/---
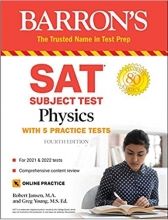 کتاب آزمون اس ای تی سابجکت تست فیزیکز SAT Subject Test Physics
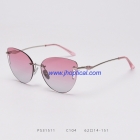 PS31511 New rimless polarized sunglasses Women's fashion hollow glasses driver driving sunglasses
\---
/---
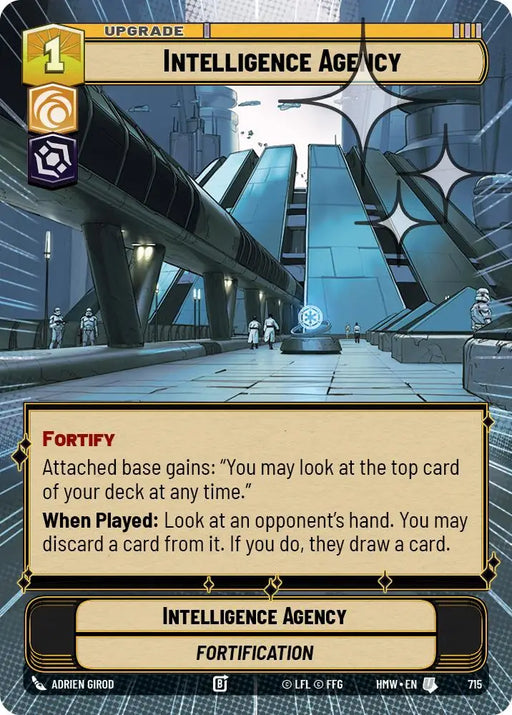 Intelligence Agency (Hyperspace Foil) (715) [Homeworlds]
\---
■ Task: The output is the stretch above from the line with "کتاب آزمون اس" through the line with "PS31511 New rimless", copied word for word with both ends kept and every picture dropped.

■ Written reply:
 کتاب آزمون اس ای تی سابجکت تست فیزیکز SAT Subject Test Physics
 PS31511 New rimless polarized sunglasses Women's fashion hollow glasses driver driving sunglasses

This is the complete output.